_WORK ITEM_:
Could you transcribe every record below exactly as it stands?

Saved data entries
==*==
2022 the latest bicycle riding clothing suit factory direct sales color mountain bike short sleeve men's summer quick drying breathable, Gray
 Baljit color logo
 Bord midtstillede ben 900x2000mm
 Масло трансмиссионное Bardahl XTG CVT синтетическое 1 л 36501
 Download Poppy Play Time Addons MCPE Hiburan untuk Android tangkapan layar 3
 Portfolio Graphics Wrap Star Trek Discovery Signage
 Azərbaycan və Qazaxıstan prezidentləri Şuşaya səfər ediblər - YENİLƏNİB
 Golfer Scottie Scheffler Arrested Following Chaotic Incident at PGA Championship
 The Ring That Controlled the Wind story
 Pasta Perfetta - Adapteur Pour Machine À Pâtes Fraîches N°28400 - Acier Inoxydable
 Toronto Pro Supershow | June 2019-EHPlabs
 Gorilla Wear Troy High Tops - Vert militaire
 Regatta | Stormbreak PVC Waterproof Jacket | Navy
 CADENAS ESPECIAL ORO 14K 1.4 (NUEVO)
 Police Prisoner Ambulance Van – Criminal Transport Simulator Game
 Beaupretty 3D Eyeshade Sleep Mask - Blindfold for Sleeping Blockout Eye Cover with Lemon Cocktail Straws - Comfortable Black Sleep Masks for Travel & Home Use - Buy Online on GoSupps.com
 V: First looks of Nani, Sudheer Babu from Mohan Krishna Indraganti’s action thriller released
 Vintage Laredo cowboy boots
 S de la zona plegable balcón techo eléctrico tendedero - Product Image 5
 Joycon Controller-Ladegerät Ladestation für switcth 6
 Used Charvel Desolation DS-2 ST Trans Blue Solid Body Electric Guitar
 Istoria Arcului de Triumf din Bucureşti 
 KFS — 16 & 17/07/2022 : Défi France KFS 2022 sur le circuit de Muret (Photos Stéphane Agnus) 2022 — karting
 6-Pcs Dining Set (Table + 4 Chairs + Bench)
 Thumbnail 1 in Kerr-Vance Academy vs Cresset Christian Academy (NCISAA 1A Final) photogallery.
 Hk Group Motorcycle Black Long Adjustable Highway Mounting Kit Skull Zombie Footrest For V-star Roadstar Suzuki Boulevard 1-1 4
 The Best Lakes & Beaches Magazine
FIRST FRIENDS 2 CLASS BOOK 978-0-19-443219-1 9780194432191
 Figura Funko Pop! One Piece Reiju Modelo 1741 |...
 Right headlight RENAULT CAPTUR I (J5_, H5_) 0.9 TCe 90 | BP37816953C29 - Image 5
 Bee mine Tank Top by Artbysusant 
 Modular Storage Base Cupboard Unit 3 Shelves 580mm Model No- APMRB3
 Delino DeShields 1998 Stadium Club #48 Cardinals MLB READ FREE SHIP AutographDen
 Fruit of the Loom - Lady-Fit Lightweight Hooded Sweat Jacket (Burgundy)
==*==
_ANSWER BELOW_:
2022 the latest bicycle riding clothing suit factory direct sales color mountain bike short sleeve men's summer quick drying breathable, Gray
 Baljit color logo
 Bord midtstillede ben 900x2000mm
 Масло трансмиссионное Bardahl XTG CVT синтетическое 1 л 36501
 Download Poppy Play Time Addons MCPE Hiburan untuk Android tangkapan layar 3
 Portfolio Graphics Wrap Star Trek Discovery Signage
 Azərbaycan və Qazaxıstan prezidentləri Şuşaya səfər ediblər - YENİLƏNİB
 Golfer Scottie Scheffler Arrested Following Chaotic Incident at PGA Championship
 The Ring That Controlled the Wind story
 Pasta Perfetta - Adapteur Pour Machine À Pâtes Fraîches N°28400 - Acier Inoxydable
 Toronto Pro Supershow | June 2019-EHPlabs
 Gorilla Wear Troy High Tops - Vert militaire
 Regatta | Stormbreak PVC Waterproof Jacket | Navy
 CADENAS ESPECIAL ORO 14K 1.4 (NUEVO)
 Police Prisoner Ambulance Van – Criminal Transport Simulator Game
 Beaupretty 3D Eyeshade Sleep Mask - Blindfold for Sleeping Blockout Eye Cover with Lemon Cocktail Straws - Comfortable Black Sleep Masks for Travel & Home Use - Buy Online on GoSupps.com
 V: First looks of Nani, Sudheer Babu from Mohan Krishna Indraganti’s action thriller released
 Vintage Laredo cowboy boots
 S de la zona plegable balcón techo eléctrico tendedero - Product Image 5
 Joycon Controller-Ladegerät Ladestation für switcth 6
 Used Charvel Desolation DS-2 ST Trans Blue Solid Body Electric Guitar
 Istoria Arcului de Triumf din Bucureşti 
 KFS — 16 & 17/07/2022 : Défi France KFS 2022 sur le circuit de Muret (Photos Stéphane Agnus) 2022 — karting
 6-Pcs Dining Set (Table + 4 Chairs + Bench)
 Thumbnail 1 in Kerr-Vance Academy vs Cresset Christian Academy (NCISAA 1A Final) photogallery.
 Hk Group Motorcycle Black Long Adjustable Highway Mounting Kit Skull Zombie Footrest For V-star Roadstar Suzuki Boulevard 1-1 4
 The Best Lakes & Beaches Magazine
FIRST FRIENDS 2 CLASS BOOK 978-0-19-443219-1 9780194432191
 Figura Funko Pop! One Piece Reiju Modelo 1741 |...
 Right headlight RENAULT CAPTUR I (J5_, H5_) 0.9 TCe 90 | BP37816953C29 - Image 5
 Bee mine Tank Top by Artbysusant 
 Modular Storage Base Cupboard Unit 3 Shelves 580mm Model No- APMRB3
 Delino DeShields 1998 Stadium Club #48 Cardinals MLB READ FREE SHIP AutographDen
 Fruit of the Loom - Lady-Fit Lightweight Hooded Sweat Jacket (Burgundy)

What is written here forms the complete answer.